(Bu köşede yaklaşık bir yıl önce 14 Kasım 2021 günü yayımlanan yazımı, güncelliği nedeniyle, virgülüne dokunmadan bir kez daha sunuyorum).
Genel Seçimler yaklaşıyor.

Ülke tarihinde hiçbir seçim, ilk kez halkın oylarıyla iktidarın “barış içinde” değiştirildiği 1950 seçimleri bile, etki ve sonuçları bakımından, bu seçimler kadar önemli olmadı.

Türkiye, siyaseten bir büyük dönüm noktasındadır; çok keskin bir virajdadır.

Ülkenin geleceği açısından bu dönemecin, halkın deyimiyle “kazasız-belasız” geçirilerek el değiştirmesi tam anlamıyla yaşamsaldır.


SEÇİMİN GÜVENLİĞİ

Bu seçimlerin sonucunu belirleyecek olan en önemli etmen seçim güvenliğidir. Geçmiş oylamalarda, Yüksek Seçim Kurulu-YSK eliyle “mühürsüz oyların geçerli sayılması” ya da aynı zarfa konulan “beş oy pusulasından yalnızca birinin geçersiz sayılması" gibi örnekler, bu konuda iktidara güven duyulamayacağını kanıtlıyor.

Öncelikle, seçim güvenliği açısından İstanbul Büyükşehir Belediyesi Başkanı Ekrem İmamoğlu’nun, muhalefetin “ortak” cumhurbaşkanı adayı olması büyük önem taşıyor.

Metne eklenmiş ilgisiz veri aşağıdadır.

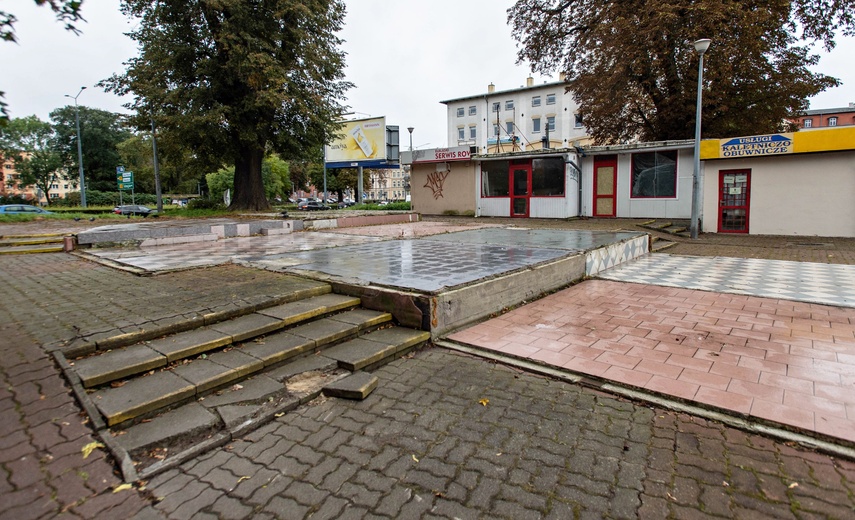 Więcej zieleni koło czołgu zdjęcie nr 337574
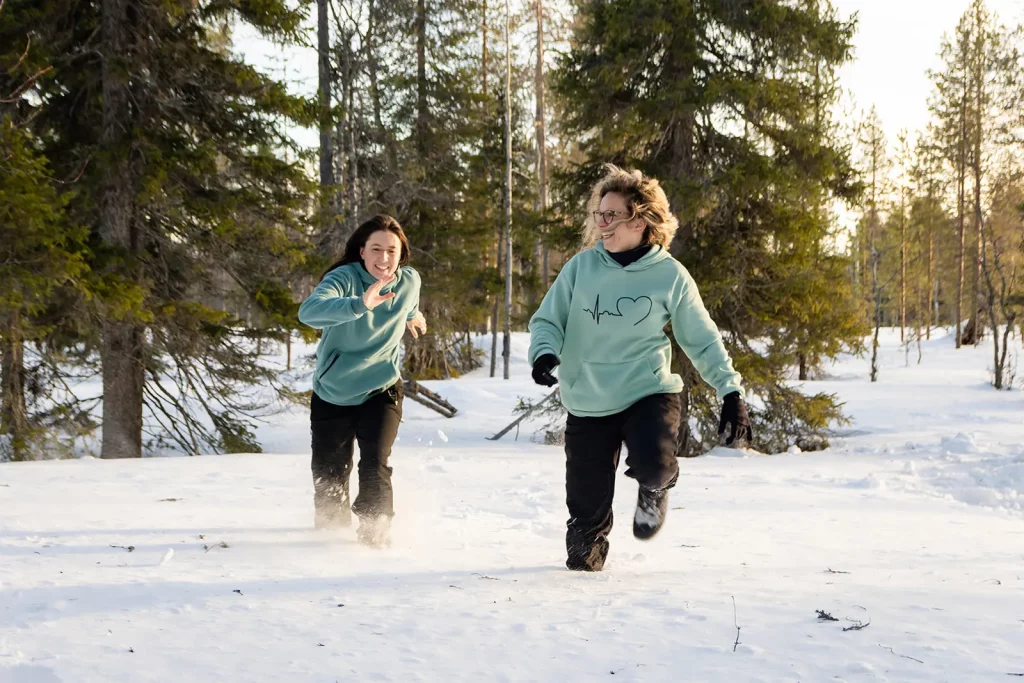 Course folle neige BFF Luosto seance photo fun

Çünkü İmamoğlu geçen yerel seçimlerde İstanbul’da yapılan “iki seçimi” de, tuzaklara düşmeden, ustalıkla ve çok başarılı bir biçimde yönetti; oluşturduğu, eşgüdüm içinde çalışan, etkin işleyen kitlesel yapılanma ile birlikte kendisine verilen her “bir oya” kamuoyunu da sürekli bilgilendirerek, sonuna kadar özenle sahip çıktı.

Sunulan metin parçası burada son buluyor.